On imaging, EFD appears as an ill-defined nonencapsulated mass, classically occupying a subscapular position adjacent to the rib cage. CT shows density similar to skeletal muscle, possibly with low-density linear infiltrating areas due to adipose tissue (11). On MRI, EFD is T1 and T2 intermediate, similar to skeletal muscle, with high signal intensity for linear strands on T1- and T2-weighted images representing interspersed foci of fatty tissue, with variable contrast enhancement (11). On PET-CT, there is variable low-level fluorodeoxyglucose (FDG) uptake, with the most common pattern (55%) uptake less than that of liver and second pattern (33%) uptake equal to or slightly higher than that of the liver (12, 13). Increased 18F-FDG activity is likely due to a combination of high vascularity, abnormal fibroblastic proliferation, and an inflammatory process within the mass (13).
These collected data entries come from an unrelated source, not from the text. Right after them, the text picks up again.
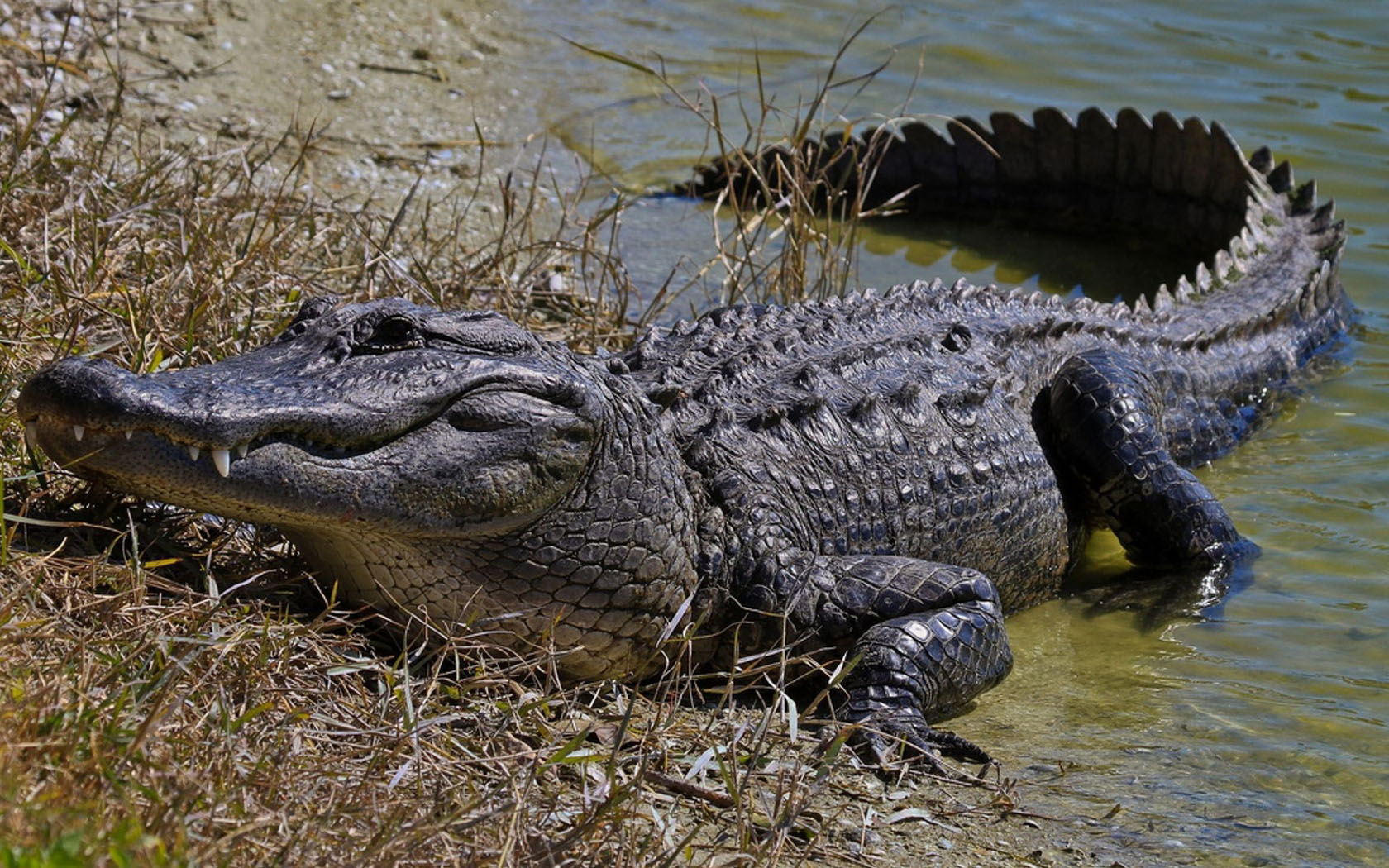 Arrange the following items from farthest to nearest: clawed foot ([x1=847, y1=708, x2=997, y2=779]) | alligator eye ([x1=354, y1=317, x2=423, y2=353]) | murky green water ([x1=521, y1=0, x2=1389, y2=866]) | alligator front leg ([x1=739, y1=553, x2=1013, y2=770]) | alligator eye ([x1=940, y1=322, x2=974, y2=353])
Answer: alligator eye ([x1=940, y1=322, x2=974, y2=353]) < alligator front leg ([x1=739, y1=553, x2=1013, y2=770]) < murky green water ([x1=521, y1=0, x2=1389, y2=866]) < clawed foot ([x1=847, y1=708, x2=997, y2=779]) < alligator eye ([x1=354, y1=317, x2=423, y2=353])

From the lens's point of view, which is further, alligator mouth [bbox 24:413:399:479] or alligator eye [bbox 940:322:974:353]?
alligator eye [bbox 940:322:974:353]

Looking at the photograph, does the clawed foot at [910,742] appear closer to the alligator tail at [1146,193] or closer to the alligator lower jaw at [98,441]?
the alligator lower jaw at [98,441]

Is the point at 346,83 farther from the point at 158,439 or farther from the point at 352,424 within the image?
the point at 158,439

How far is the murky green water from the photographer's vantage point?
12.2ft

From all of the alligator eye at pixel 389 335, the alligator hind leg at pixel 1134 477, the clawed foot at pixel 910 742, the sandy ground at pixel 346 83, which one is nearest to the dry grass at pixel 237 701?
the clawed foot at pixel 910 742

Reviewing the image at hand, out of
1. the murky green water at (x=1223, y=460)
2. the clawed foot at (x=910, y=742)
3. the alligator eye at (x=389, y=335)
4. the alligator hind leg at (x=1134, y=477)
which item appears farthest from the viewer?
the alligator hind leg at (x=1134, y=477)

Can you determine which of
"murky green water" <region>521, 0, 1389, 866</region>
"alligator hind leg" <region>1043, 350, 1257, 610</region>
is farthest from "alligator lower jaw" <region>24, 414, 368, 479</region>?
"alligator hind leg" <region>1043, 350, 1257, 610</region>

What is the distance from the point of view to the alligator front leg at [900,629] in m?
3.84

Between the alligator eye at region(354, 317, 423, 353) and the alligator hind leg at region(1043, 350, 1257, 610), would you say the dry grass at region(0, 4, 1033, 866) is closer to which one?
the alligator eye at region(354, 317, 423, 353)

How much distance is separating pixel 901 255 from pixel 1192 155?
5.30 feet

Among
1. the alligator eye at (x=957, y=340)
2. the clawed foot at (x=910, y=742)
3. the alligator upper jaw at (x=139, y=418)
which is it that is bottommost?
the clawed foot at (x=910, y=742)

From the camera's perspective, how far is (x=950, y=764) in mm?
3682

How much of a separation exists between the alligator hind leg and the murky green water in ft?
0.65

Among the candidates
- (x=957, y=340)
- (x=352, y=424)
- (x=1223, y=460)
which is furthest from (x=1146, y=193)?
(x=352, y=424) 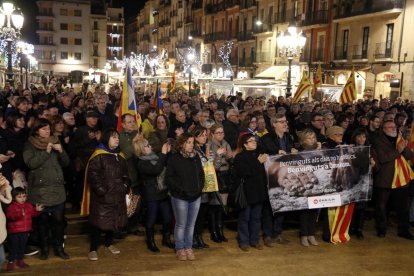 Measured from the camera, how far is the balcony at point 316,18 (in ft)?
108

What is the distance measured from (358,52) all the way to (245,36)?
17.4 m

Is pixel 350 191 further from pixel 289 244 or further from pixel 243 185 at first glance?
pixel 243 185

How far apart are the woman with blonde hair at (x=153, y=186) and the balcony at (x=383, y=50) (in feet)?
76.7

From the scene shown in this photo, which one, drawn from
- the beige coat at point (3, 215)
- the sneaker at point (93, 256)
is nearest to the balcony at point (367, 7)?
the sneaker at point (93, 256)

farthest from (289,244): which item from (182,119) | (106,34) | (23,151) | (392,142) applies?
(106,34)

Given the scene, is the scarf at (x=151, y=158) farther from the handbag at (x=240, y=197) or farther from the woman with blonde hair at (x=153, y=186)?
the handbag at (x=240, y=197)

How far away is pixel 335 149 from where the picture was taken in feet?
24.0

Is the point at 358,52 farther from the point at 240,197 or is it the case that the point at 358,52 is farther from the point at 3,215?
the point at 3,215

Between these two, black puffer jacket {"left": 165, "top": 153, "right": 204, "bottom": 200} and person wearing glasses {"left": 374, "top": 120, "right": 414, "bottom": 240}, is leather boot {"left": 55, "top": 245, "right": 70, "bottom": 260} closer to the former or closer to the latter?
black puffer jacket {"left": 165, "top": 153, "right": 204, "bottom": 200}

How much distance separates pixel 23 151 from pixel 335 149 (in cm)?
436

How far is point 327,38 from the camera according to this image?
3331 cm

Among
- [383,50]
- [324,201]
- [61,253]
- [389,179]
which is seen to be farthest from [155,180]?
[383,50]

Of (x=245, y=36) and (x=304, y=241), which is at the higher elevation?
(x=245, y=36)

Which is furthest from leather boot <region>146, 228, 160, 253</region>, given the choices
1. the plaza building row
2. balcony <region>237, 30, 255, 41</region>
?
balcony <region>237, 30, 255, 41</region> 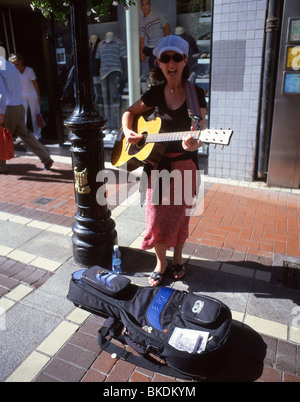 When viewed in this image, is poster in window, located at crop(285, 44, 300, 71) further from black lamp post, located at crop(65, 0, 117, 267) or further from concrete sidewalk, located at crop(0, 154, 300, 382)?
black lamp post, located at crop(65, 0, 117, 267)

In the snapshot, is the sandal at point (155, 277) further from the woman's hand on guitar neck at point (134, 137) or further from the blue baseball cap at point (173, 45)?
the blue baseball cap at point (173, 45)

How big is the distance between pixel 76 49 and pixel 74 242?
177 cm

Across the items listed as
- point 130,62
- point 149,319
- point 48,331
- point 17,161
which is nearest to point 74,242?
point 48,331

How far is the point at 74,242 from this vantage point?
334 centimetres

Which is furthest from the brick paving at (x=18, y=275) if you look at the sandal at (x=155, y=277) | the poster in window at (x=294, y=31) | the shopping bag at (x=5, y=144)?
the poster in window at (x=294, y=31)

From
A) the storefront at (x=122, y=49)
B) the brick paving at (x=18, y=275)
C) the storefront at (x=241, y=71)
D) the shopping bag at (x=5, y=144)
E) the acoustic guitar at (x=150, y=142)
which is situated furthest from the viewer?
the storefront at (x=122, y=49)

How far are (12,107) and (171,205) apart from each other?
4.16 metres

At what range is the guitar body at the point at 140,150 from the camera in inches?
108

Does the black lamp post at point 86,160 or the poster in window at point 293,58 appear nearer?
the black lamp post at point 86,160

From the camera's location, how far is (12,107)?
18.9 feet

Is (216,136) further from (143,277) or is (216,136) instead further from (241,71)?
(241,71)

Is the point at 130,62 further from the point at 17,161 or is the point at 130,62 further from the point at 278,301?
the point at 278,301

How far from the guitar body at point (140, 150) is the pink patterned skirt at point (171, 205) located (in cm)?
16

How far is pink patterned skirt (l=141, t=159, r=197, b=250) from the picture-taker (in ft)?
9.36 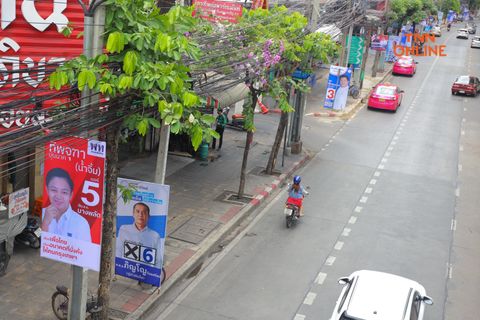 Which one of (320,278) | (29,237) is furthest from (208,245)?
(29,237)

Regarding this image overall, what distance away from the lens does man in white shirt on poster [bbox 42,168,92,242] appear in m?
10.0

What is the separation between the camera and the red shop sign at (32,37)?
1040 cm

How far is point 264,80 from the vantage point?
1795 cm

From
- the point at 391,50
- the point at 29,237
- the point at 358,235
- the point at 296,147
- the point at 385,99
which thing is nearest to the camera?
the point at 29,237

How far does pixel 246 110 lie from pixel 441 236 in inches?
255

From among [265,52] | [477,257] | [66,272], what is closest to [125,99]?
[66,272]

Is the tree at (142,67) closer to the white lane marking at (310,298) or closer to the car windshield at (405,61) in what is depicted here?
the white lane marking at (310,298)

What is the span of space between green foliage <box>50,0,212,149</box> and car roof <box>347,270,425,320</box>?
4.03 m

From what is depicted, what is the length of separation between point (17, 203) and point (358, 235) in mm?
8836

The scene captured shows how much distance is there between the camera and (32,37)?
35.2 feet

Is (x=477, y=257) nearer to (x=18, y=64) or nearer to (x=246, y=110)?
(x=246, y=110)

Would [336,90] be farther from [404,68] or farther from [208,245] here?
[404,68]

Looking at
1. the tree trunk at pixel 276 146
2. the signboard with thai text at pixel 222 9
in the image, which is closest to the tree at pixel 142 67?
the signboard with thai text at pixel 222 9

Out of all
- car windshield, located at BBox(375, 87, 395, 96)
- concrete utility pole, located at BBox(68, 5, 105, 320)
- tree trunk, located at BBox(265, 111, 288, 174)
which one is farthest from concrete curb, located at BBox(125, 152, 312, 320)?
car windshield, located at BBox(375, 87, 395, 96) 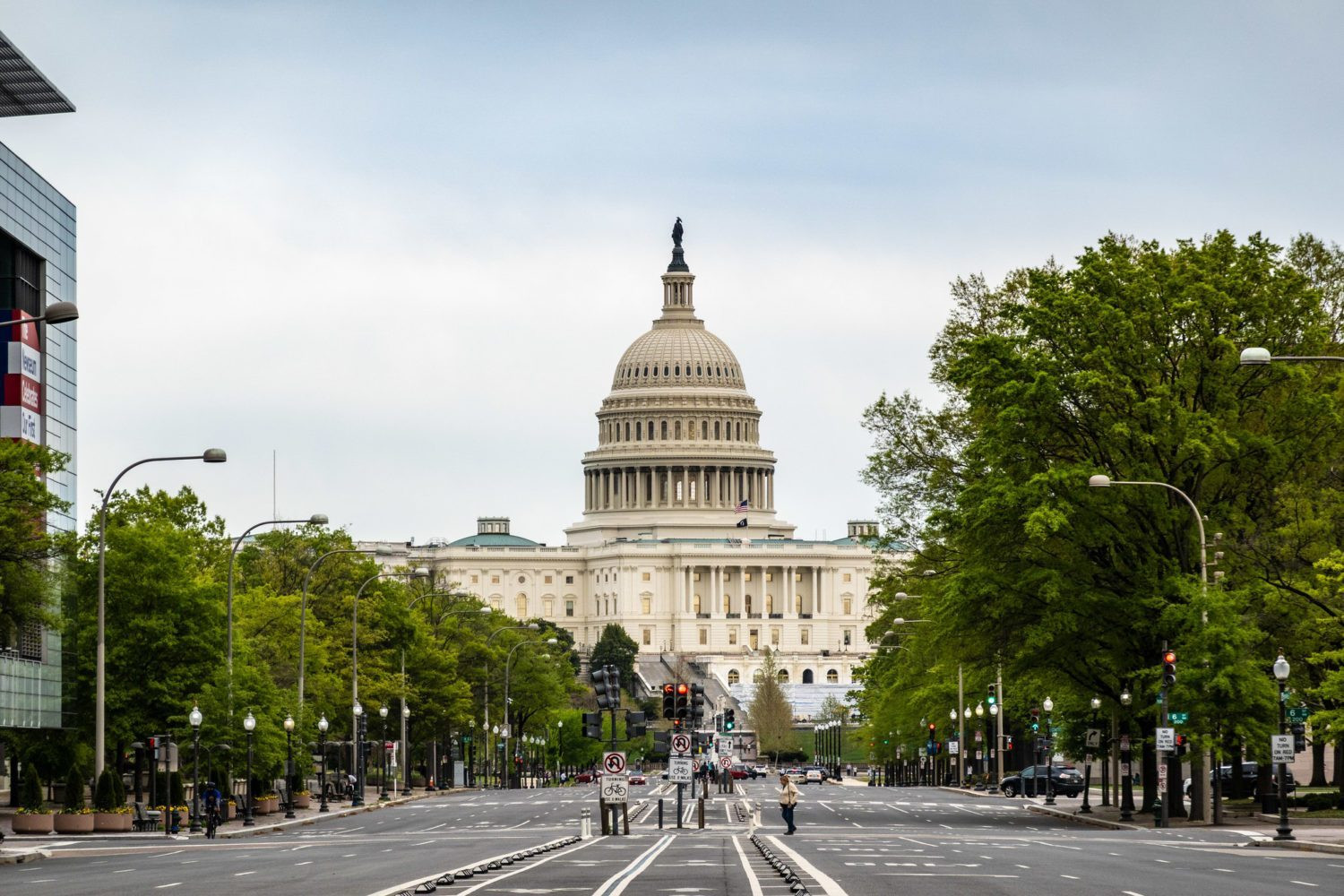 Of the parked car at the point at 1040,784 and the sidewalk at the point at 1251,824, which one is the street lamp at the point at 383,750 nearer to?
the parked car at the point at 1040,784

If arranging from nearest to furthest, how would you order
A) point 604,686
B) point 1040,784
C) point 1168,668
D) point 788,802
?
point 604,686 → point 1168,668 → point 788,802 → point 1040,784

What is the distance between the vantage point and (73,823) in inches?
2542

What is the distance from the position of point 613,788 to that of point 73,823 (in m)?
15.6

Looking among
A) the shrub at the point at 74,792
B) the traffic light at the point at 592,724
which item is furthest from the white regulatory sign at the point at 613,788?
the shrub at the point at 74,792

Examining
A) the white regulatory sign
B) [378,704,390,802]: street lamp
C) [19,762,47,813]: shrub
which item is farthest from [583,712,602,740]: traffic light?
[378,704,390,802]: street lamp

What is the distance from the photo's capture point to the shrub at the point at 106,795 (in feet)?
213

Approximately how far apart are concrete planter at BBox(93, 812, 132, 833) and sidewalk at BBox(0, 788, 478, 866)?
1.26 feet

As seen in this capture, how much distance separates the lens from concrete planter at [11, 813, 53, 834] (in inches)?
2515

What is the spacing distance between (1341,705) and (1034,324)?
13.2 metres

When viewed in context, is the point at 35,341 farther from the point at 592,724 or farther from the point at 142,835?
the point at 592,724

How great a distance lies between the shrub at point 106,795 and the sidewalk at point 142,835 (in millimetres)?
857

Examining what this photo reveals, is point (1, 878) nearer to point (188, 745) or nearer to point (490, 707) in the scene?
point (188, 745)

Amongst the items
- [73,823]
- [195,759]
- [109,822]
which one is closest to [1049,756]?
[195,759]

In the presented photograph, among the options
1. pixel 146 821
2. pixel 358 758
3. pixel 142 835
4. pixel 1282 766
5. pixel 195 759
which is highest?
pixel 1282 766
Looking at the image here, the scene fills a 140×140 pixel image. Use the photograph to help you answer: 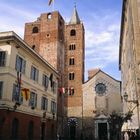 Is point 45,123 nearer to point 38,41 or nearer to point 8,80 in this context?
point 8,80

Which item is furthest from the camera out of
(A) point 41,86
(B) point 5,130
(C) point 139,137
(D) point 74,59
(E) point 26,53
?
(D) point 74,59

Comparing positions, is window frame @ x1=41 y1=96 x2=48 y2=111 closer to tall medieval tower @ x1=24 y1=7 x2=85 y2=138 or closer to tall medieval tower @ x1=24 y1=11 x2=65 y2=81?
tall medieval tower @ x1=24 y1=7 x2=85 y2=138

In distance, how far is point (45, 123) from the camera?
31.8 m

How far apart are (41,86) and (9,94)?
8.06m

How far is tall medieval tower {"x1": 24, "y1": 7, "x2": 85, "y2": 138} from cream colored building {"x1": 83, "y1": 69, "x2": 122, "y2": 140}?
1206 mm

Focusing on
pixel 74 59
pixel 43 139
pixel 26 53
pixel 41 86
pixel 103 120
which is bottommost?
pixel 43 139

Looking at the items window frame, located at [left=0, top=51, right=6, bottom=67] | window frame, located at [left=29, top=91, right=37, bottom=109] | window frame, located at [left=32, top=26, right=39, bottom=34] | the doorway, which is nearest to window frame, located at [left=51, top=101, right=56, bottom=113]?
window frame, located at [left=29, top=91, right=37, bottom=109]

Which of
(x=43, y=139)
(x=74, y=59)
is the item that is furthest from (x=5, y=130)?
(x=74, y=59)

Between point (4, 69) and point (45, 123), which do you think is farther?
point (45, 123)

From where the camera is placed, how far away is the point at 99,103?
46.2 m

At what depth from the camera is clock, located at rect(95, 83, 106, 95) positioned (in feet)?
154

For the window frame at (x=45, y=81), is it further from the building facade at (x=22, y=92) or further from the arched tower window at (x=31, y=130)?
the arched tower window at (x=31, y=130)

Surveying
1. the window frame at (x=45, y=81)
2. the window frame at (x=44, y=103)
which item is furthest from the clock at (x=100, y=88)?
the window frame at (x=44, y=103)

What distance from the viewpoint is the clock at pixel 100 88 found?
46.8m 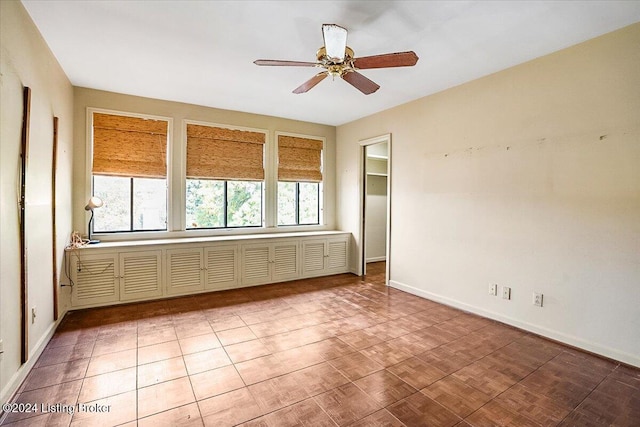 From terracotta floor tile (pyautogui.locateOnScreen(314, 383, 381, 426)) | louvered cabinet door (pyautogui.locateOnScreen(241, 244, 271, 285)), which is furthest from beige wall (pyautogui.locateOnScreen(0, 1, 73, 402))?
louvered cabinet door (pyautogui.locateOnScreen(241, 244, 271, 285))

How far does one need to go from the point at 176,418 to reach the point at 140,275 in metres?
2.57

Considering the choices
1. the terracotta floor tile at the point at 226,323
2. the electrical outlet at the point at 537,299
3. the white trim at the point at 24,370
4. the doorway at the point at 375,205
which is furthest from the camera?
the doorway at the point at 375,205

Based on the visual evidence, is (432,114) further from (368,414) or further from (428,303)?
(368,414)

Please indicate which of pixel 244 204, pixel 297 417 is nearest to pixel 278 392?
pixel 297 417

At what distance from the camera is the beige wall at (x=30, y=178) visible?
1965mm

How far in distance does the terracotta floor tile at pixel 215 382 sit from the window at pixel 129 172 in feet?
9.10

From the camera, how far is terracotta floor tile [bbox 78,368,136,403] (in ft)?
6.79

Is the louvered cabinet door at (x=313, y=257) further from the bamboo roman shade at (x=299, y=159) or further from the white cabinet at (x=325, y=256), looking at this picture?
the bamboo roman shade at (x=299, y=159)

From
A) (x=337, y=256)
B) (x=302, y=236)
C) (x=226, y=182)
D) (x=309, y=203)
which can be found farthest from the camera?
(x=309, y=203)

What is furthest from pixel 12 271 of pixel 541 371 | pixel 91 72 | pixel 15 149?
pixel 541 371

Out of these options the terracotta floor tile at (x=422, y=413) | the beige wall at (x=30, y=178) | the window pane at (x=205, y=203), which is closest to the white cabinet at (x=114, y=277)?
the beige wall at (x=30, y=178)

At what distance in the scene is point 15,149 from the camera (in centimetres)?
214

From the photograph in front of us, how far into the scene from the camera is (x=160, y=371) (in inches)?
93.2

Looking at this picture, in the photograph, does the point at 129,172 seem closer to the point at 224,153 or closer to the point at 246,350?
the point at 224,153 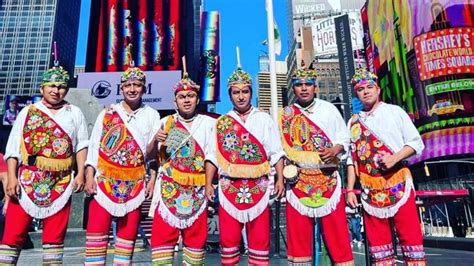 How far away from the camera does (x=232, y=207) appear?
3684 mm

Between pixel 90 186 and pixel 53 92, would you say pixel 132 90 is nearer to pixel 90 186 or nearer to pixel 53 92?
pixel 53 92

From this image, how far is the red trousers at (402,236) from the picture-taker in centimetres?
356

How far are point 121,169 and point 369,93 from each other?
2573mm

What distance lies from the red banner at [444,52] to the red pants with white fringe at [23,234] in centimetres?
3663

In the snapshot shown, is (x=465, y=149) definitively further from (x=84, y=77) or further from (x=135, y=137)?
(x=135, y=137)

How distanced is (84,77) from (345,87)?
3194cm

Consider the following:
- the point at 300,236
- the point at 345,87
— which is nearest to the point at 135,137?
the point at 300,236

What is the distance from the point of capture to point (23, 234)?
3684 millimetres

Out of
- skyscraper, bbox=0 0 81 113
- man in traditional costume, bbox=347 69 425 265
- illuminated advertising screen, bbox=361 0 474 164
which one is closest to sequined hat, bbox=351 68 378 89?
man in traditional costume, bbox=347 69 425 265

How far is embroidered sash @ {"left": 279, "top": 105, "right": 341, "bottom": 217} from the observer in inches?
145

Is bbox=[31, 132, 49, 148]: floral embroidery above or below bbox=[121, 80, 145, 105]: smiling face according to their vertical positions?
below

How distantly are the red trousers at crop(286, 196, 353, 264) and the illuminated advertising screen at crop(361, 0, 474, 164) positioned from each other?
3487 centimetres

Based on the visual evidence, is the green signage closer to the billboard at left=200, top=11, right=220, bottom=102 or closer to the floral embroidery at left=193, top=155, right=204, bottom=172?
the billboard at left=200, top=11, right=220, bottom=102

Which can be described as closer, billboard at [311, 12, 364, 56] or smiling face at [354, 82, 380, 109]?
smiling face at [354, 82, 380, 109] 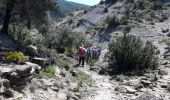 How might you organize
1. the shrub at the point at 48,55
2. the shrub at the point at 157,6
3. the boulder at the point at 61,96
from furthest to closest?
the shrub at the point at 157,6
the shrub at the point at 48,55
the boulder at the point at 61,96

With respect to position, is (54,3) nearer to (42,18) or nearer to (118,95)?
(42,18)

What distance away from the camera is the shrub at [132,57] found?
23672 mm

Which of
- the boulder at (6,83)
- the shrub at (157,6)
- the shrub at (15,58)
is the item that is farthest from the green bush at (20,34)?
the shrub at (157,6)

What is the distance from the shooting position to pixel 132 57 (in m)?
24.0

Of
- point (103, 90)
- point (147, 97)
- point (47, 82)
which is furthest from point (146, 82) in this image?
point (47, 82)

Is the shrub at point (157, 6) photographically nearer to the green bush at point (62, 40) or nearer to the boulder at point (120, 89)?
the green bush at point (62, 40)

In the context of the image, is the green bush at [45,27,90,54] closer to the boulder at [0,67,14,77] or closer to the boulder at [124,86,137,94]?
the boulder at [124,86,137,94]

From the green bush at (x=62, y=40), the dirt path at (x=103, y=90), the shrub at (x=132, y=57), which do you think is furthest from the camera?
the green bush at (x=62, y=40)

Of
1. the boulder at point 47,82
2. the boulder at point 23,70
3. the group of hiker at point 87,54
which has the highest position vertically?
the boulder at point 23,70

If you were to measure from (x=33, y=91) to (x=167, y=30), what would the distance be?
3227 cm

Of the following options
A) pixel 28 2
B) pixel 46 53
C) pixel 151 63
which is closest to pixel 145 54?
pixel 151 63

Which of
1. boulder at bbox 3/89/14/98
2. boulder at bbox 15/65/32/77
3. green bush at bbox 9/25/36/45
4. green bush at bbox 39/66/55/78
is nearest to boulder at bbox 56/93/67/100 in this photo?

The differential diagnoses of periscapular lesions include desmoid tumors, neurofibroma, liposarcoma, soft tissue sarcoma, aggressive fibromatosis, and malignant histiocytofibroma (14). Enhancement of these tumors is usually substantial or heterogeneous due to neovascularization and is significantly higher than that of EFD (2, 11, 15). In general, subscapular topography, bilateralism, and typical imaging features including FDG uptake pattern in the elderly are sufficient for diagnosis of EFD, thus avoiding biopsies and unnecessary surgical resection. Occasionally, image-guided biopsy is required if doubt persists in oncologic patients after imaging exams. Otherwise, stable patterns of 18F-FDG uptake and mass size on follow-up PET-CT may virtually eliminate malignancy from the differential diagnosis. If the lesion is asymptomatic, simple observation suffices. Complete surgical resection may be considered in symptomatic patients or for esthetic reasons (≥5 cm) (10, 15). Local tumor recurrence has been reported after incomplete excision (2, 16). As no cases of malignant transformation have been described in the literature (17), there is no need for follow-up with EFD.